Would you retype the listing below word for word, without any of its pictures?

* Data below:
..........
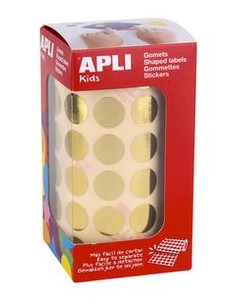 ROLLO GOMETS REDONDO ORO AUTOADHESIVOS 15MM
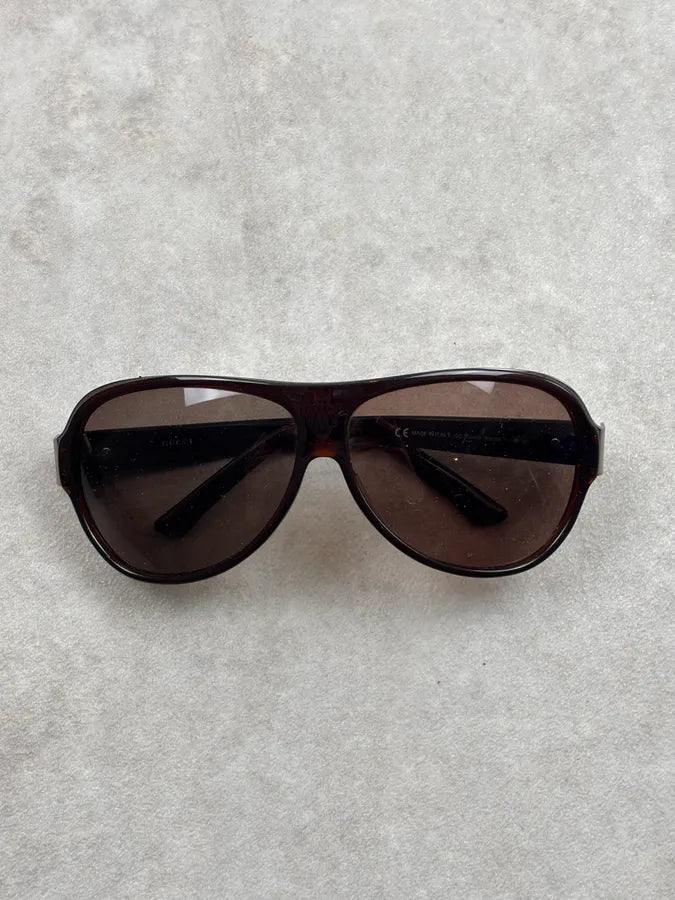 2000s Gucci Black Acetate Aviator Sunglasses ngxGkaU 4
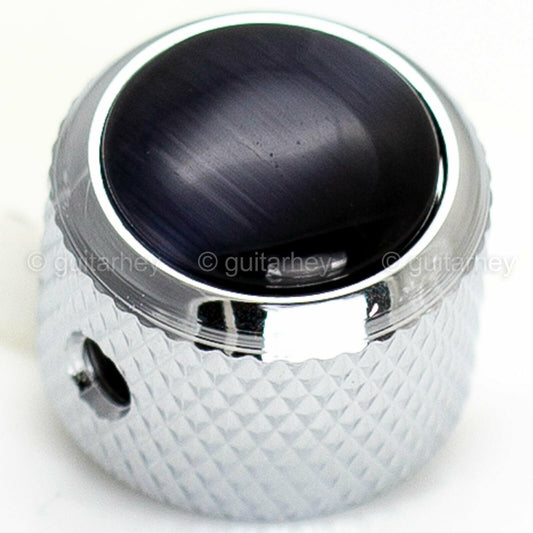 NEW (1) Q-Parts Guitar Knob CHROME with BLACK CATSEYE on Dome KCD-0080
..........
* Output below:
 ROLLO GOMETS REDONDO ORO AUTOADHESIVOS 15MM
 2000s Gucci Black Acetate Aviator Sunglasses ngxGkaU 4
 NEW (1) Q-Parts Guitar Knob CHROME with BLACK CATSEYE on Dome KCD-0080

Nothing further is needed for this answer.